5. THE “PURPLE DREAM”
6. THE EMPTY THRONE
7. GILES HABIBULA’S HIGHER CALLING
8. WITH DEATH BEHIND
9. “To THE RUNAWAY STAR!”
10. FAREWELL TO THE SUN
11. THE TRAP ON PLUTO’S MOON
12. STORM IN SPACE
13. THE BELT OF PERIL
14. CORSAIR SUN
15. UNDER THE UNKNOWN SEA
16. BLACK CONTINENT TO CROSS
17. THE ROPE IN THE JUNGLE
18. NIGHT AND THE CITY OF DOOM
19. GILES HABIBULA AND BLACK DISASTER
20. “A CERTAIN SLIGHT DEXTERITY”
21. THE HORROR IN THE HALL
22. RED STORM AT DUSK
23. YELLOW MAW OF TERROR
24. “FOR WANT OF A NAIL”
25. WINGS ABOVE THE WALLS
26. TRAITOR’S TURN
27. THE JOKE ON MAN
28. THE GREEN BEAST
29. AKKA—AND AFTER
PROLOGUE
The Man Who Remembered Tomorrow
“Well, Doctor, what’s your verdict?”
He sat up on the examination table, with the sheet wrapped around his bent and
stringy frame, and firmly commanded my nurse to bring back his clothes.

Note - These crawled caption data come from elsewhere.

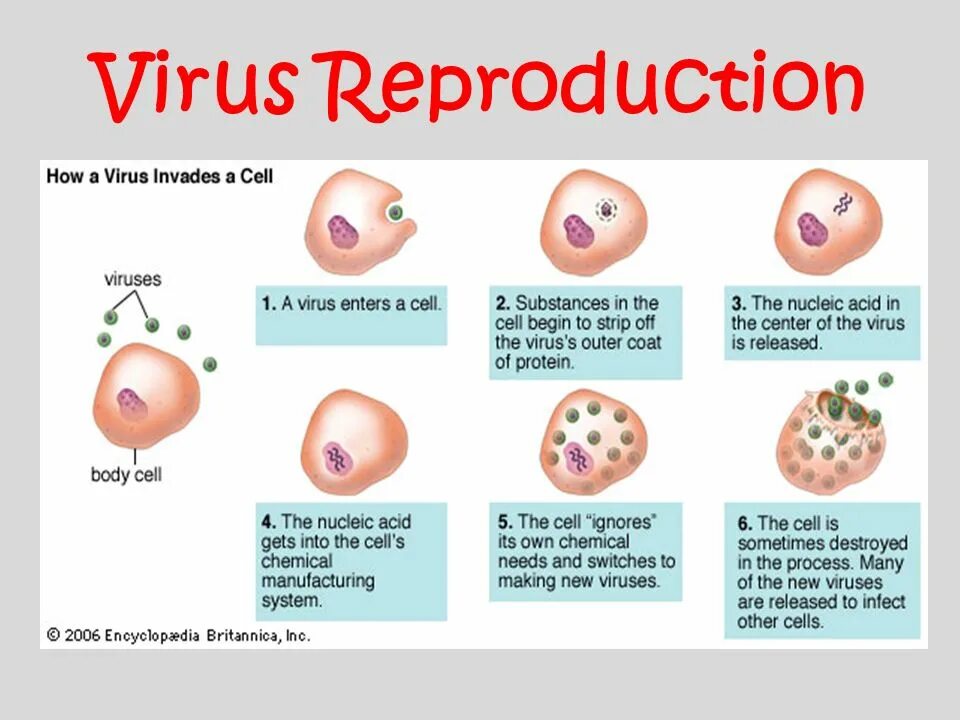 What is the virus. Virus reproduction. how virus work. is virus a living organism.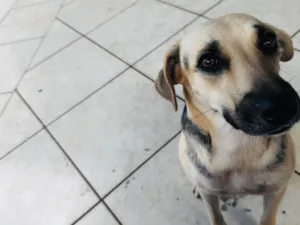 Cachorro raça SRD-ViraLata idade 1 ano nome Mel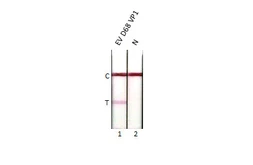 Enterovirus D68 VP1 protein, His tag. GTX138561-pro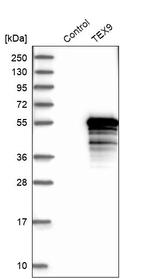 TEX9 Antibody in Western Blot (WB)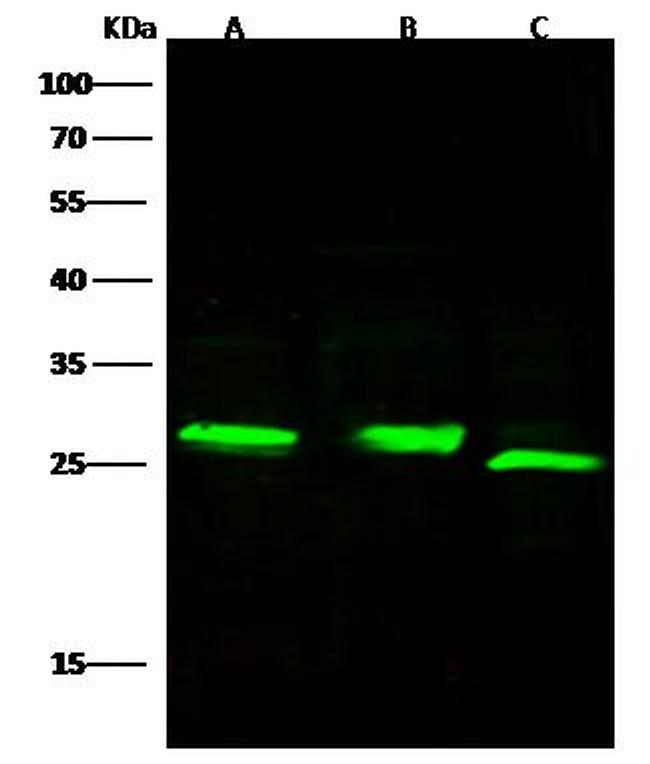 Complement Factor D Antibody in Western Blot (WB)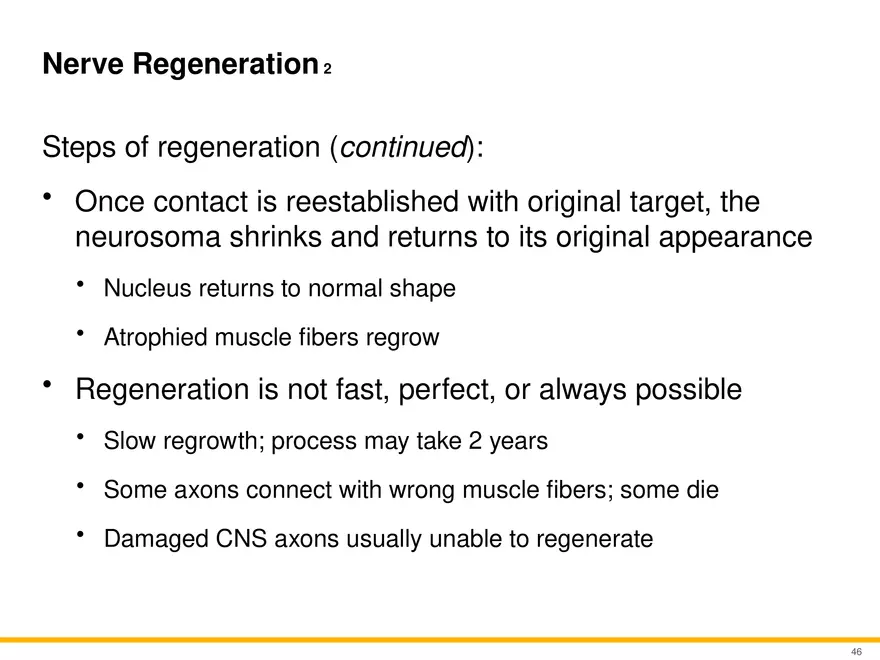 12.3 Supportive Cells - Page 14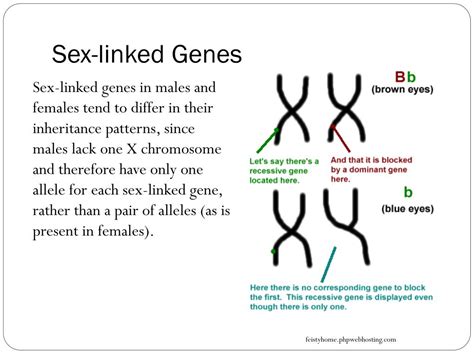 Ppt Blueprint Of Life Topic 12 Sex Linked Genes Powerpoint Free
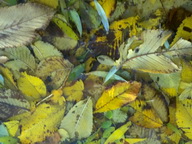 Imagenes y texturas de Hojas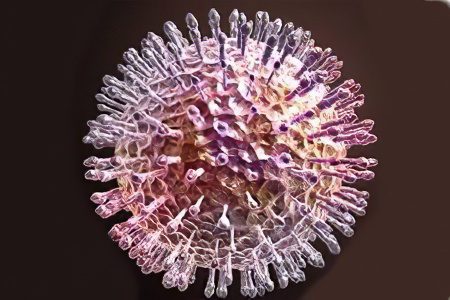 Description, symptoms and treatment of all types of herpes virus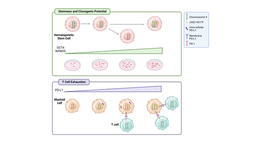 Chromosome 9p trisomy increases stem cells clonogenic potential and fosters T-cell exhaustion in JAK2-mutant myeloproliferative neoplasms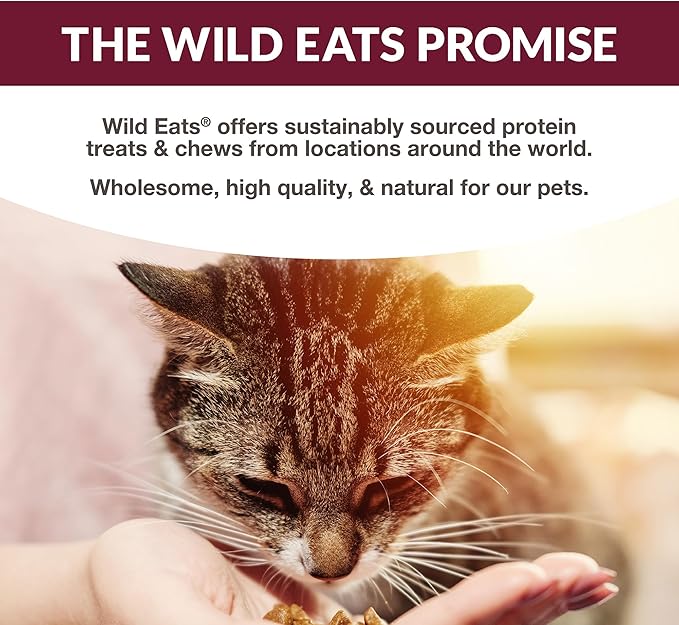 Wild Eats Simply Puree Salmon with Ancient Grains Tub for Cats | 48 Individual Servings | High-Protein, Grain-Enriched Cat Treat | All-Natural, No Artificial Additives | Smooth and Delicious Puree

He looked
at me, his bright blue eyes sharply curious and yet oddly unafraid—for I knew he
expected a sentence of death.
“Acquittal, John,” I told him honestly. “You’re really indestructible. Remarkable
shape, for a man of your age—except for that knee. You’ll make me a good patient
and a better chess opponent for the next twenty years.”
But old John Delmar shook his weatherbeaten head, very seriously.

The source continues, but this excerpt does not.